Winthrop's paper. The manuscript paper entitled Reasons for New England, to which reference has already been made, was widely but secretly circulated, and frequently copied, after a fashion of that time, prevailing especially in the case of tracts or books of a kind to shrink from print. It contained arguments in favor of removing to New England, with answers to the various objections made against emigration. Several copies of these Reasons, or Considerations, have come down to us in various handwritings, and the authorship has been attributed now to one, now to another; to Winthrop, to White of Dorchester, to Sir John Eliot himself. It appears to have been in its earliest form the production of Winthrop. There were horseback journeys, some of them by night, made about this time for the purpose of secret consultation.

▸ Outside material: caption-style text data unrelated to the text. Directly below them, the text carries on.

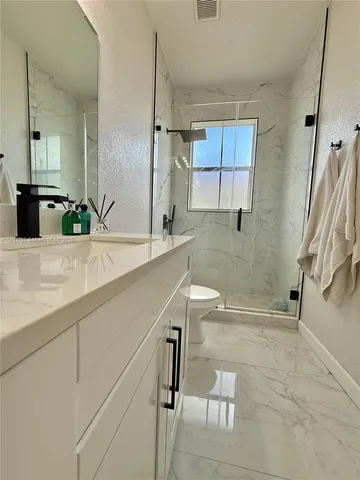 a bathroom with a sink a toilet and shower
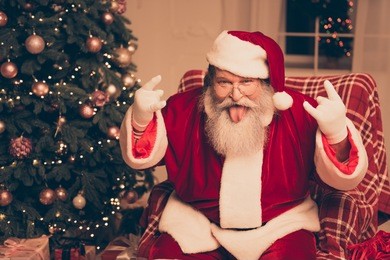 it's party! cool santa claus showing tongue out and gesturing with fingers rock-and-roll near christmas tree at home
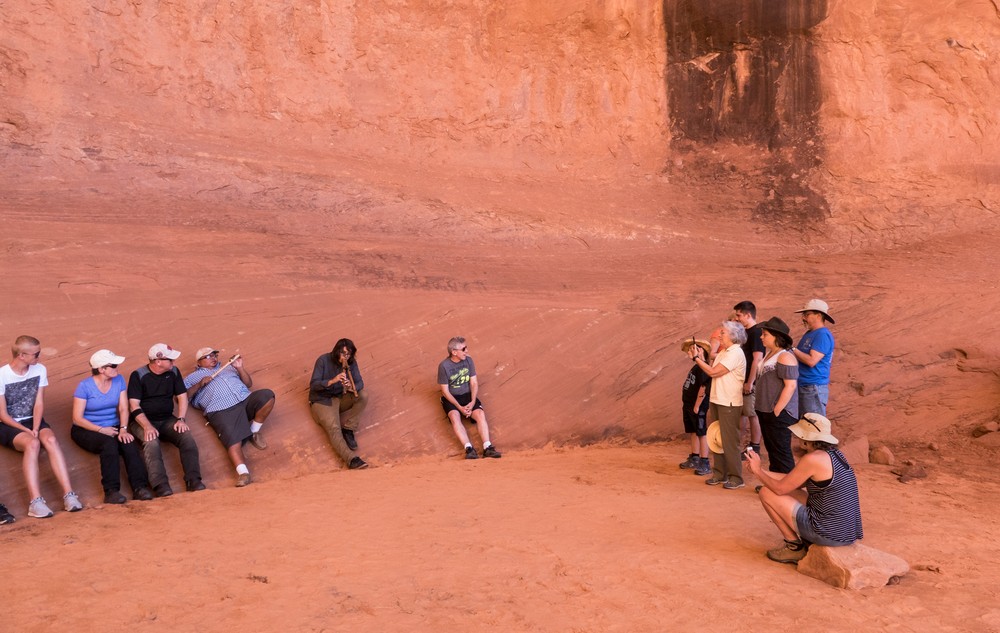 We are all listening to Sean play the other guide's double recorder.<br />On tour with Navajo Spirit Tours.<br />Aug. 14, 2017 - Monument Valley Navajo Tribal Park, Arizona.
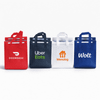 A collection of insulated reusable bags in red, navy, white, and blue, each featuring a logo.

His character. Winthrop, a country gentleman of Groton, in Suffolk, and an attorney in the Court of Wards, was a strict Puritan, desiring above all a reformed church and "the ordinances of God in their purity," as the phrase of the time went. Precocious in everything, and inclined to ideal aims, he had been religious from boyhood, had married at a little over seventeen years of age, and had been made a justice of the peace while still very young. [65 - Cotton Mather says, Magnalia, Book II, chap. iv, 3, that Winthrop was made a justice at eighteen, but Mather's account of anything marvelous needs support. Winthrop held his first court at Groton Hall several months after he had attained his majority. Life and Letters, i, 62. Compare page 223 of the same volume.] He studied divinity, and only the dissuasion of friends kept him from entering the ministry. Of judicial temper, he came to be often consulted upon points of conscience, which gave much trouble in that age of casuistry and abounding scruples. His kindly visits to those who were in any trouble of spirit were highly prized. He himself makes much of the corruptions of his own nature and of his juvenile aberrancy, but generosity and purity of spirit like his are born and not acquired. His devoutness, accompanied by a habit of self-criticism in the presence of Infinite Justice, doubtless gave additional vigor to his virtues. For the rest, he was a man of independent estate, of prudent and conciliatory carriage, of a clear but not broad mind. What, as much as anything else, fitted him for his function was, that all his virtues were cast in Puritan molds and all his prejudices had a Puritan set.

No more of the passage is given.